Well, it’s almost March and do you know what that means? It means I’m that much closer to being another year older. On St. Patrick’s Day, March 17th, I will turn 27.
I have updated the background of my blog to celebrate this wonderful Irish holiday.
You may remember last year, Jake ordered a cake from a friend of ours named Jenna. She has a wonderful talent for making cakes. You can see some of here cakes at http://www.cakesbyjenna.com/ Jake ordered a birthday cake for me and it was a pot of gold with a rainbow coming out of it. You can see a picture of it here in my collage/slide show to the right ----->
Well, this year is no different. Jake has already put in an order and we have no idea what it will look like, I just know it will be delicious! I can’t wait to see what she comes up with.
Did you know…
The shamrock, which was also called the "seamroy" by the Celts, was a sacred plant in ancient Ireland because it symbolized the rebirth of spring?
Each year, thousands of Irish Americans gather with their loved ones on St. Patrick's Day to share a "traditional" meal of corned beef and cabbage.
Though cabbage has long been an Irish food, corned beef only began to be associated with St. Patrick's Day at the turn of the century.
Irish immigrants living on New York City's Lower East Side substituted corned beef for their traditional dish of Irish bacon to save money. They learned about the cheaper alternative from their Jewish neighbors.
The original Irish name for these figures of folklore is "lobaircin," meaning "small-bodied fellow."

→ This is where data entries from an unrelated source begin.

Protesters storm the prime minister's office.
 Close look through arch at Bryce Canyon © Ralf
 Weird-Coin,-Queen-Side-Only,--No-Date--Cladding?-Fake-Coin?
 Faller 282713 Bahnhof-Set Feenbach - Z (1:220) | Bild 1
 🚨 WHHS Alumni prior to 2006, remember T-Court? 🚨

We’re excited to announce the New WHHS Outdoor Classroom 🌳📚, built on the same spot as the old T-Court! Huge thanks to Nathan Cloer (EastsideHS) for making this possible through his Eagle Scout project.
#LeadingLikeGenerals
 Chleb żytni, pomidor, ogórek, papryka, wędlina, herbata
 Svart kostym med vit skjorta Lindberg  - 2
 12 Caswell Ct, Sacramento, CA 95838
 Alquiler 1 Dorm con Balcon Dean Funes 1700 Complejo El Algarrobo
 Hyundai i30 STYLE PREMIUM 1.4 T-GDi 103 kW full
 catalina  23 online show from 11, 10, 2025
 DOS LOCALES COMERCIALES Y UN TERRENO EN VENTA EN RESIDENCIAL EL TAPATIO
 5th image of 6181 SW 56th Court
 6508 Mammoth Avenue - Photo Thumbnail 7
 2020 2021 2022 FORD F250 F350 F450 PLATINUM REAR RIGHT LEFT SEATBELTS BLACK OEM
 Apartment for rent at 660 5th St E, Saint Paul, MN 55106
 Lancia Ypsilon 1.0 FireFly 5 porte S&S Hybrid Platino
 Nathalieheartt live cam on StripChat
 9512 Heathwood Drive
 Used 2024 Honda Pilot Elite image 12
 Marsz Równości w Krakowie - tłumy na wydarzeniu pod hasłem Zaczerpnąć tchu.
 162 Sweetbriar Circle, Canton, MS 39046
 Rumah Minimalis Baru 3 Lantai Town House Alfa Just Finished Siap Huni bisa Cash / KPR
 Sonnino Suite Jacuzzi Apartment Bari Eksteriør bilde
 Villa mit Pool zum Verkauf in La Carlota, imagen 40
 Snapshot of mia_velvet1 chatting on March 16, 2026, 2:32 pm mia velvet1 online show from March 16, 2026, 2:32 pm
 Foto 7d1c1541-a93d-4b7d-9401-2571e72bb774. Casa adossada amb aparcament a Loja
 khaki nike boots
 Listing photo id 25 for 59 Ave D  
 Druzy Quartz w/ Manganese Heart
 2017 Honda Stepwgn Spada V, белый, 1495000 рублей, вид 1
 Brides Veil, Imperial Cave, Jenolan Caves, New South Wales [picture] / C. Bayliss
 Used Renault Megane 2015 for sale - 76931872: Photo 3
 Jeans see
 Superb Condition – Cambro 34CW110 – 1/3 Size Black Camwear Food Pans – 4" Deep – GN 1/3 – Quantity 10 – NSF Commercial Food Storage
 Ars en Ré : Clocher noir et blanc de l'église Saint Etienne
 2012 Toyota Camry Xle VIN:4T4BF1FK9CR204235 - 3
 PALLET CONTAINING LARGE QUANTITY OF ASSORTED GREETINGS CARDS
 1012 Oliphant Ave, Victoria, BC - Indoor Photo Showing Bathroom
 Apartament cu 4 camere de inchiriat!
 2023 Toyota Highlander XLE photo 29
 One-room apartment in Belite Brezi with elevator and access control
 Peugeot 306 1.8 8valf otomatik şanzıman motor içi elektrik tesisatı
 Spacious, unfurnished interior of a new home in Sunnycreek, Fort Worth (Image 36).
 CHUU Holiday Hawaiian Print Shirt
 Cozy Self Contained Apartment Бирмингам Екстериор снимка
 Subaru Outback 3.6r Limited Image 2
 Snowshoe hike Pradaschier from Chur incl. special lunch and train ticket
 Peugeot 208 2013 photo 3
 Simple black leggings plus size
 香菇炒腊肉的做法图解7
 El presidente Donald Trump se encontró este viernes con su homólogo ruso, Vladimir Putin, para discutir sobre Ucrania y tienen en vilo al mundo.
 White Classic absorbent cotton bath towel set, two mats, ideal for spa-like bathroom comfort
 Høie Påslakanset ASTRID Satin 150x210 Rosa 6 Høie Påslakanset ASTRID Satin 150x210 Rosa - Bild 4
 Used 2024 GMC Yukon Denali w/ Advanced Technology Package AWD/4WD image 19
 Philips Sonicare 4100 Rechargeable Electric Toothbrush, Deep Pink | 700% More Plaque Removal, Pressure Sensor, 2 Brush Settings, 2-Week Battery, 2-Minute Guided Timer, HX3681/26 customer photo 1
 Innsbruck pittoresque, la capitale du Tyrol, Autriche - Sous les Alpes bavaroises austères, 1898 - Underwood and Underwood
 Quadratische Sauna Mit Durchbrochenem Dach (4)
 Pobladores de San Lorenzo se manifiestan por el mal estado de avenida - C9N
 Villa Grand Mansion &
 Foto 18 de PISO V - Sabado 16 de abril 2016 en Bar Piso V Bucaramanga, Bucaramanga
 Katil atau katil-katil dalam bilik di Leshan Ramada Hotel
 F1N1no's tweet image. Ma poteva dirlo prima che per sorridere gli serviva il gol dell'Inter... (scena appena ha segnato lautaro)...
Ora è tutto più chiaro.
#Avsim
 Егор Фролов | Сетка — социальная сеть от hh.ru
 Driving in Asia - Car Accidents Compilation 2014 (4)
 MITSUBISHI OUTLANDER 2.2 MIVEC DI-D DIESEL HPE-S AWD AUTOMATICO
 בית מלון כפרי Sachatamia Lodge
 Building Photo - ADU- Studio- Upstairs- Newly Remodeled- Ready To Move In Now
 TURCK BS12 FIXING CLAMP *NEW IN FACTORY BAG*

Belief in leprechauns probably stems from Celtic belief in fairies, tiny men and women who could use their magical powers to serve good or evil. In Celtic folktales, leprechauns were cranky souls, responsible for mending the shoes of the other fairies. Though only minor figures in Celtic folklore, leprechauns were known for their trickery, which they often used to protect their much-fabled treasure.
Leprechauns had nothing to do with St. Patrick or the celebration of St. Patrick's Day, a Catholic holy day. In 1959, Walt Disney released a film called Darby O'Gill & the Little People, which introduced America to a very different sort of leprechaun than the cantankerous little man of Irish folklore. This cheerful, friendly leprechaun is a purely American invention, but has quickly evolved into an easily recognizable symbol of both St. Patrick's Day and Ireland in general.